» Dataset

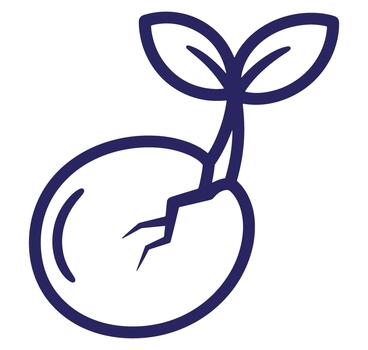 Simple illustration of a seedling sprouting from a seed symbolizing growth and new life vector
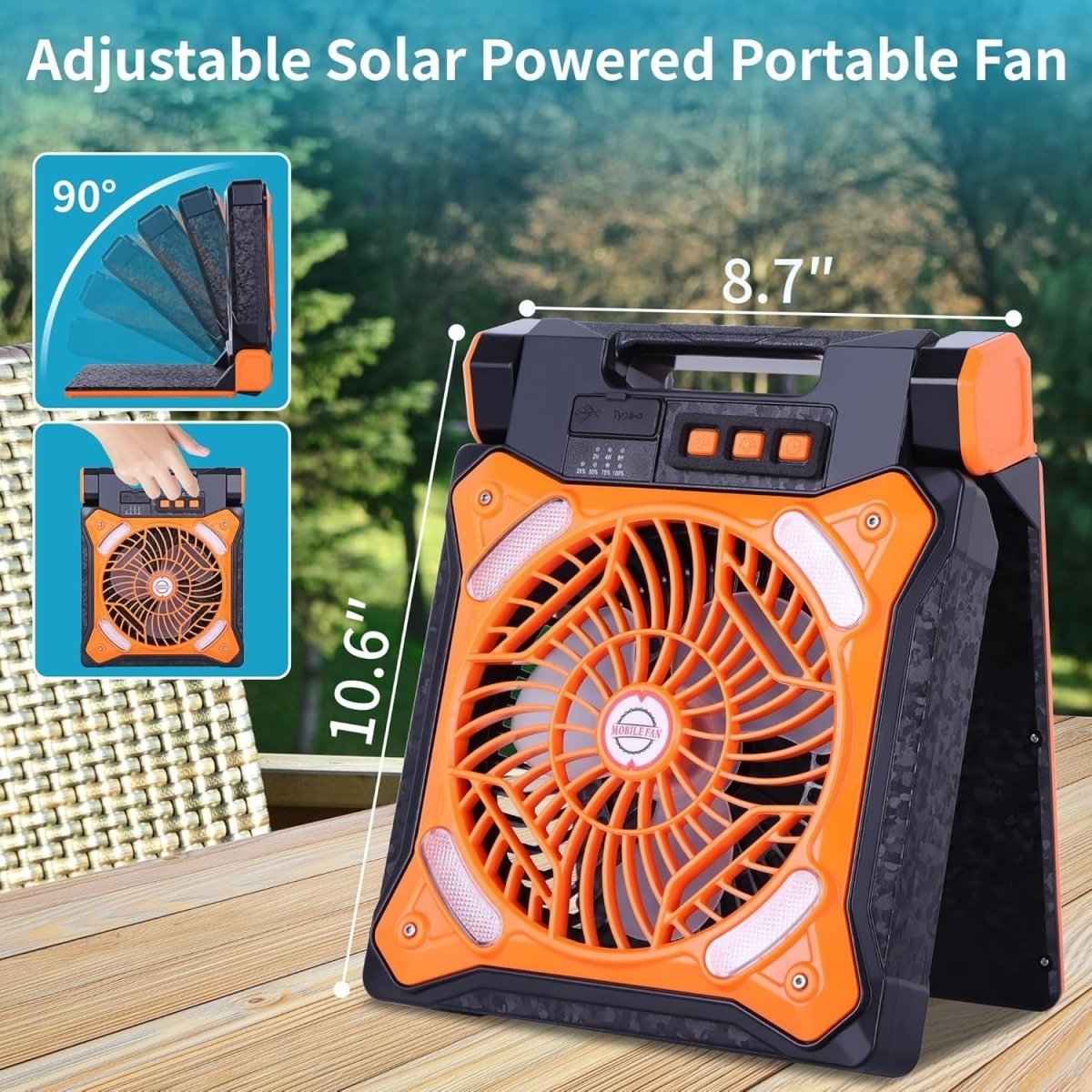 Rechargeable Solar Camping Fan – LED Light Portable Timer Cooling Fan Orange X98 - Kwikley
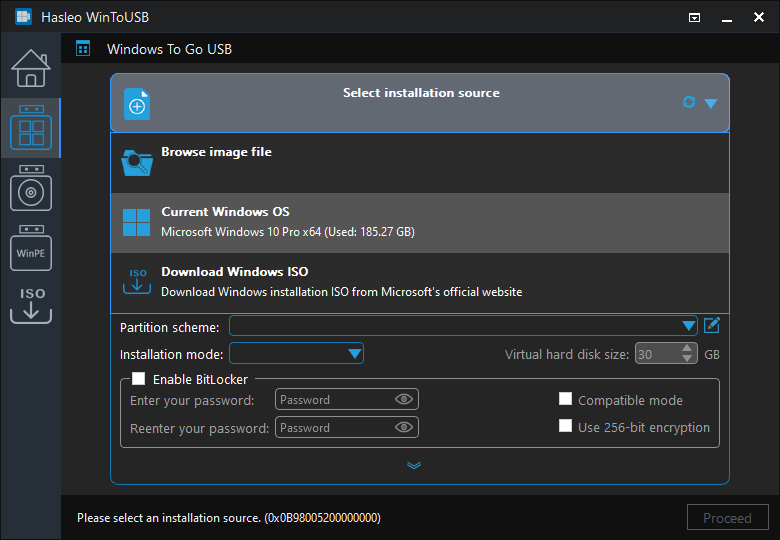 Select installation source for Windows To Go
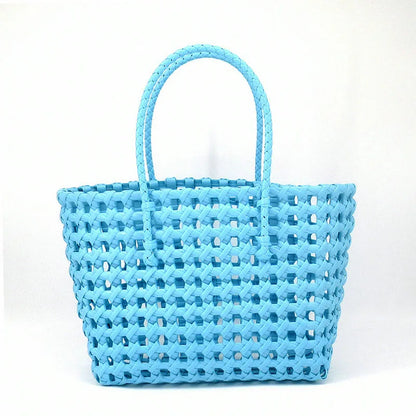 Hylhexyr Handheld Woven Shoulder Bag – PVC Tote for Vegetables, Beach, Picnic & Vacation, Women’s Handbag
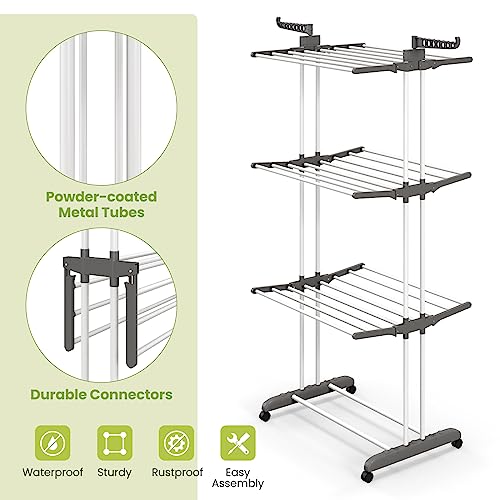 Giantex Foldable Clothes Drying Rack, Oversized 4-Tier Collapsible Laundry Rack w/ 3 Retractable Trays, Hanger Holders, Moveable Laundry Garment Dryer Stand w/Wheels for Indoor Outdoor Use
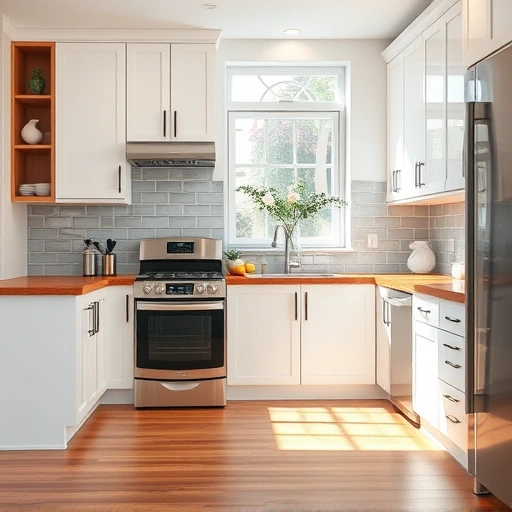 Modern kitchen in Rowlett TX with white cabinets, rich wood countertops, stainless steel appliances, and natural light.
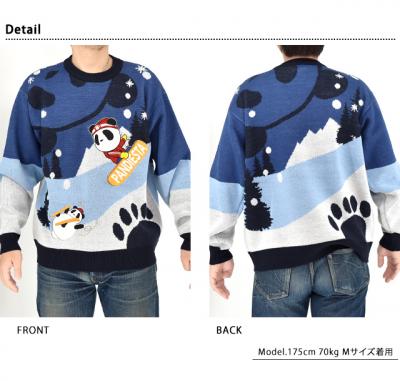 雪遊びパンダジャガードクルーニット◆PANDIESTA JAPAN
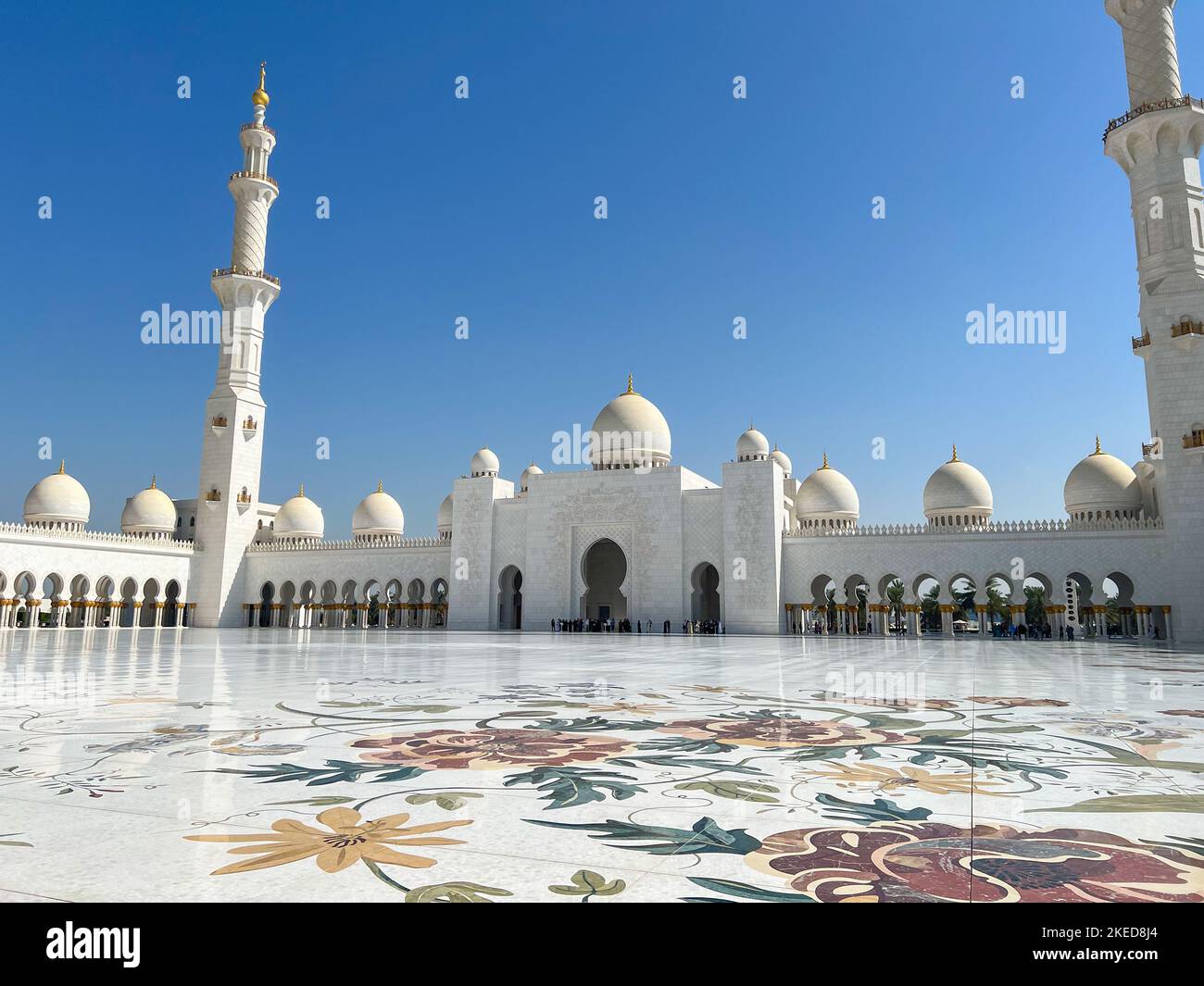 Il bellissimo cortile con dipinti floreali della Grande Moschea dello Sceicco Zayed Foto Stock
...
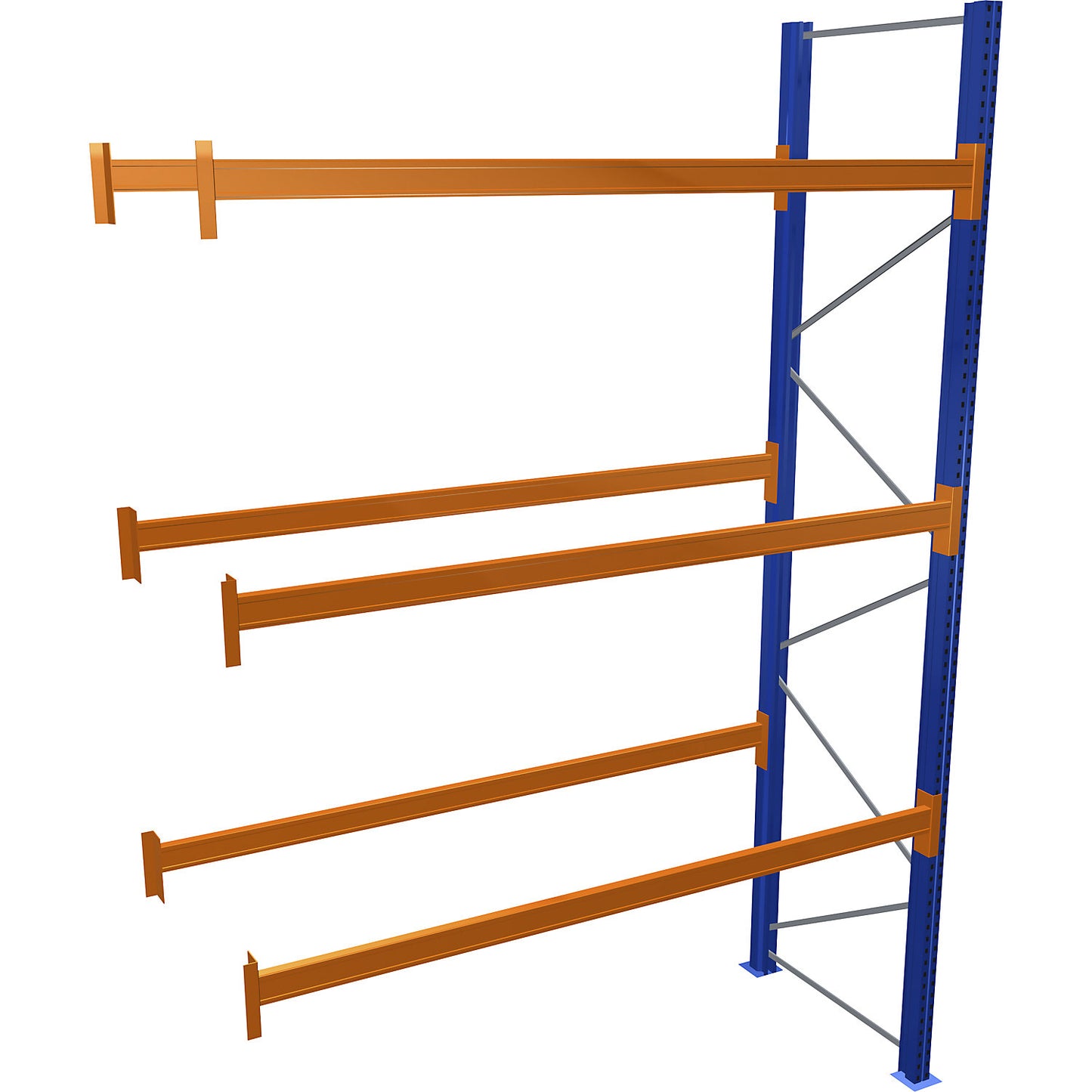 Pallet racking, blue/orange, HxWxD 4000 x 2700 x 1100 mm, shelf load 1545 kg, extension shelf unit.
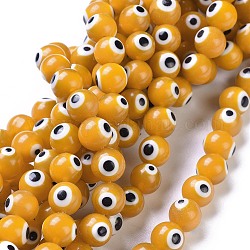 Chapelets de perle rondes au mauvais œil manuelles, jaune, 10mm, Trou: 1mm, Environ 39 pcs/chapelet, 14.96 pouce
--
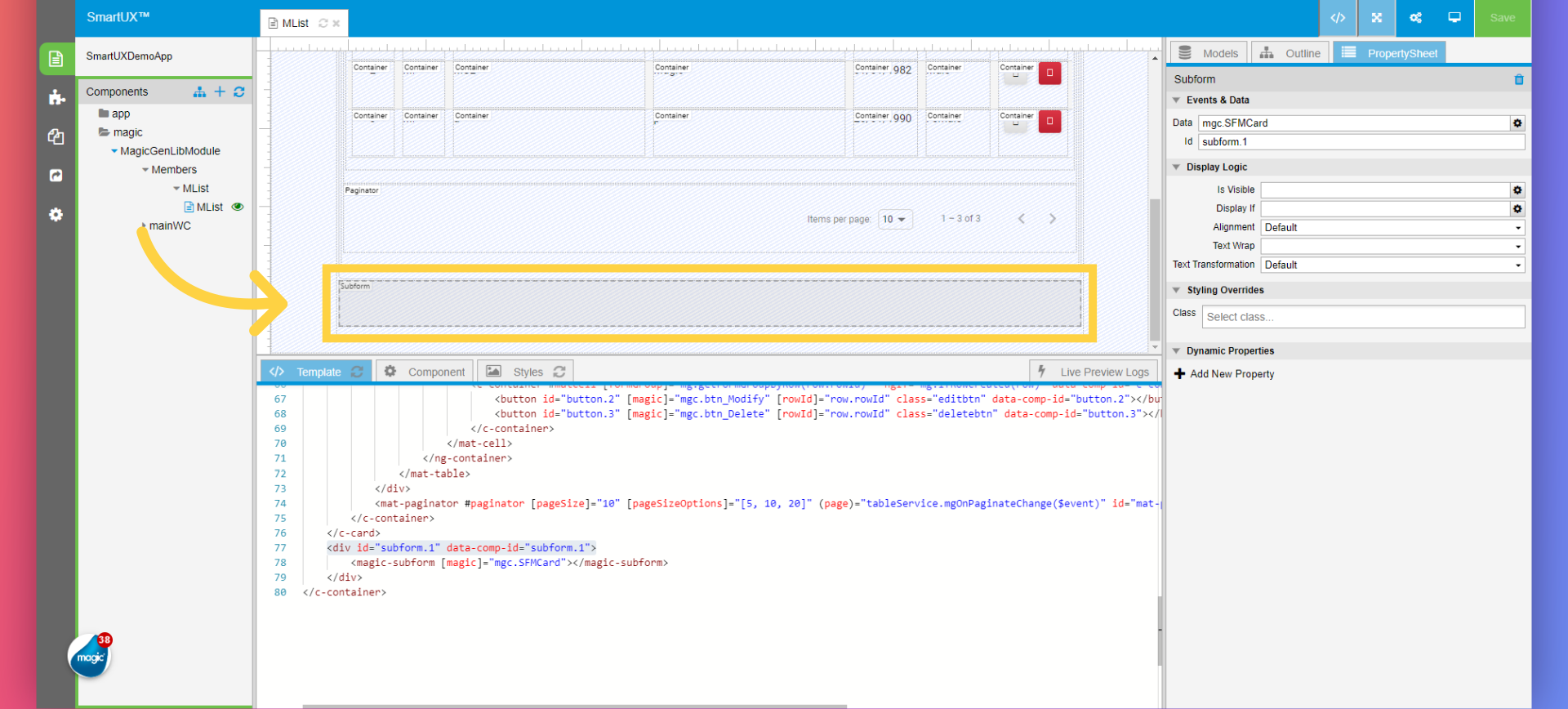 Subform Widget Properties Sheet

» Problem to work on
Print nothing but the lines above starting with the line that contains "Simple illustration of" and going on through the line that contains "Giantex Foldable Clothes". Leave out the pictures.

» Finished task
 Simple illustration of a seedling sprouting from a seed symbolizing growth and new life vector
 Rechargeable Solar Camping Fan – LED Light Portable Timer Cooling Fan Orange X98 - Kwikley
 Select installation source for Windows To Go
 Hylhexyr Handheld Woven Shoulder Bag – PVC Tote for Vegetables, Beach, Picnic & Vacation, Women’s Handbag
 Giantex Foldable Clothes Drying Rack, Oversized 4-Tier Collapsible Laundry Rack w/ 3 Retractable Trays, Hanger Holders, Moveable Laundry Garment Dryer Stand w/Wheels for Indoor Outdoor Use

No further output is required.